**WHAT YOU WILL DO**
Your task is to copy the listing exactly. Drop any pictures from the copy.

+--

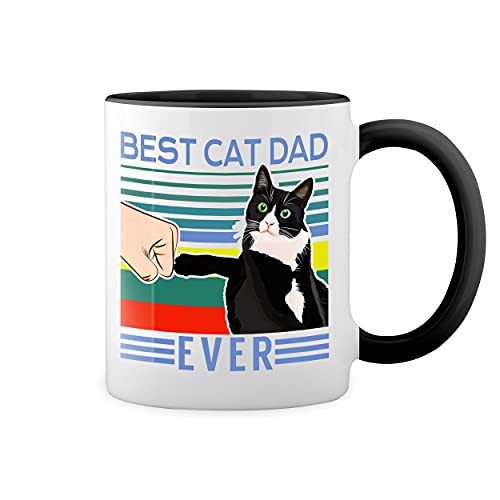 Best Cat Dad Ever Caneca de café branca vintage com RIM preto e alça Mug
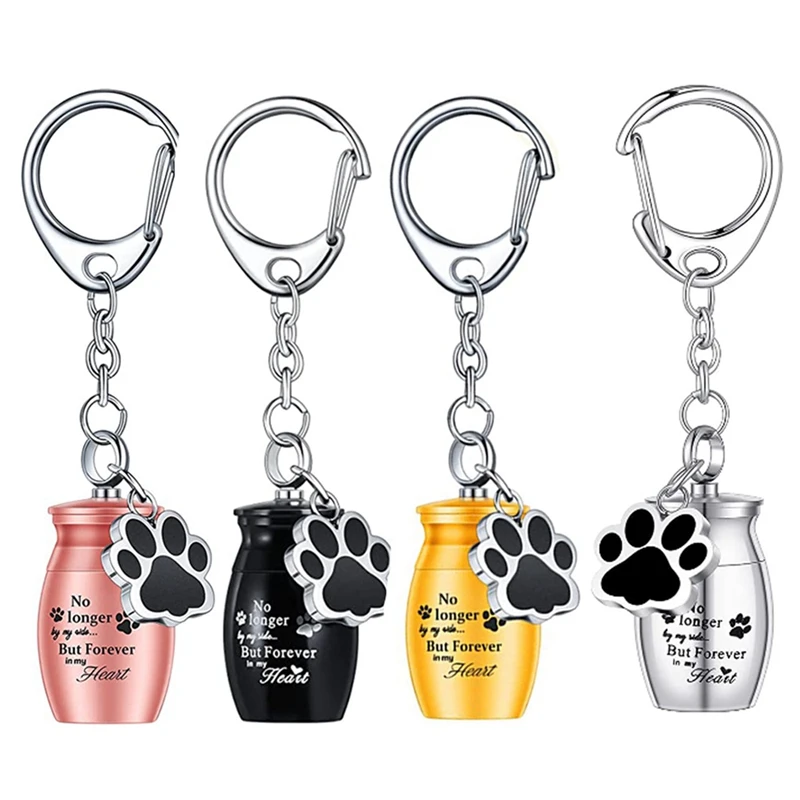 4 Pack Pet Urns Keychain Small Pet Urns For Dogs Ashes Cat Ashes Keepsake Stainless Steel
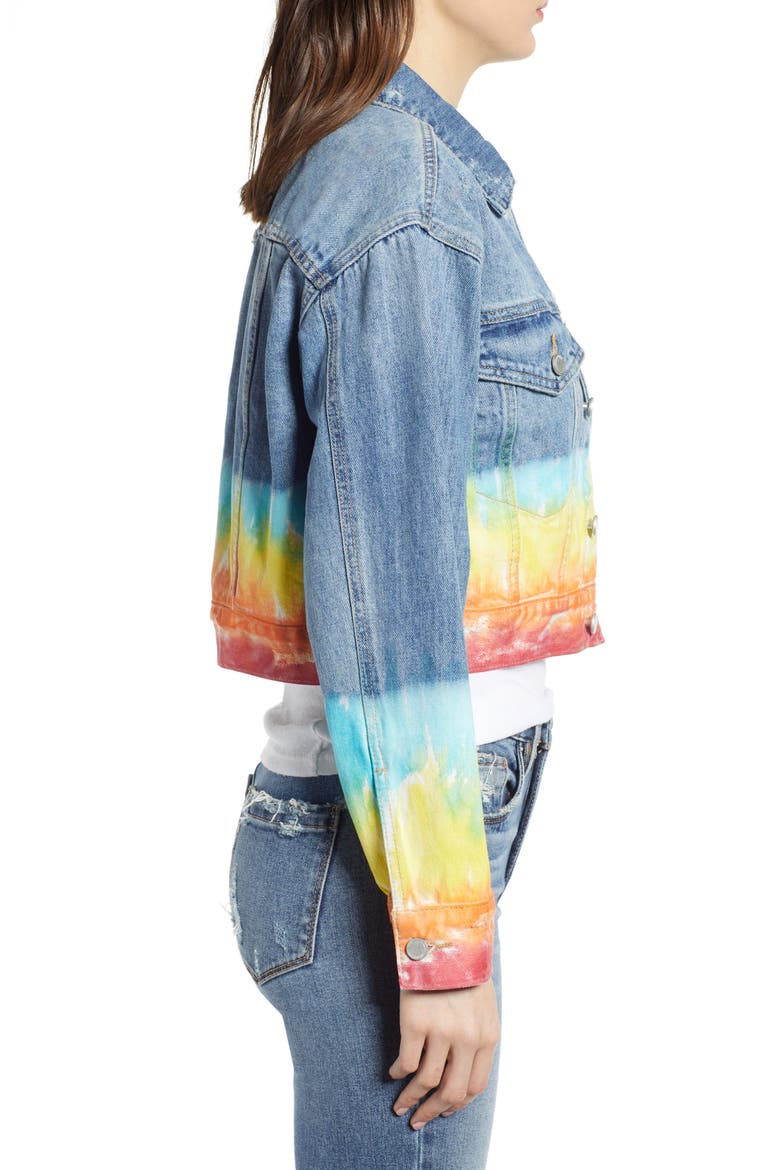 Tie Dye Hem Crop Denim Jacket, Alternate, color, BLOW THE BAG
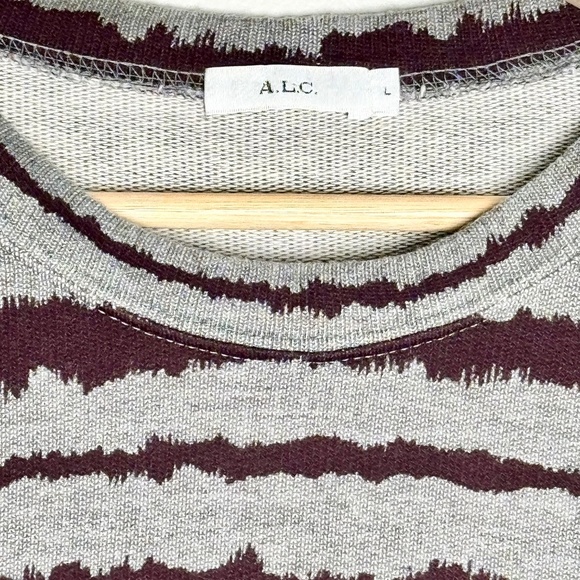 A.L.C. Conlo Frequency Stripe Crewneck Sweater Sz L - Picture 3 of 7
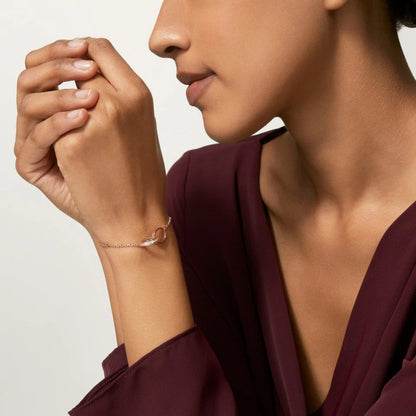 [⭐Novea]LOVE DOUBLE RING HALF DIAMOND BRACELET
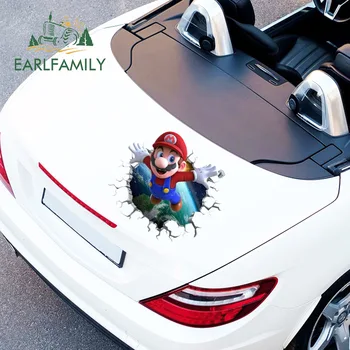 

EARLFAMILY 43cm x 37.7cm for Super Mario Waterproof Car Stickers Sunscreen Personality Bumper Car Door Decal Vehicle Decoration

+--

**ANSWER SPACE**
 Best Cat Dad Ever Caneca de café branca vintage com RIM preto e alça Mug
 4 Pack Pet Urns Keychain Small Pet Urns For Dogs Ashes Cat Ashes Keepsake Stainless Steel
 Tie Dye Hem Crop Denim Jacket, Alternate, color, BLOW THE BAG
 A.L.C. Conlo Frequency Stripe Crewneck Sweater Sz L - Picture 3 of 7
 [⭐Novea]LOVE DOUBLE RING HALF DIAMOND BRACELET

EARLFAMILY 43cm x 37.7cm for Super Mario Waterproof Car Stickers Sunscreen Personality Bumper Car Door Decal Vehicle Decoration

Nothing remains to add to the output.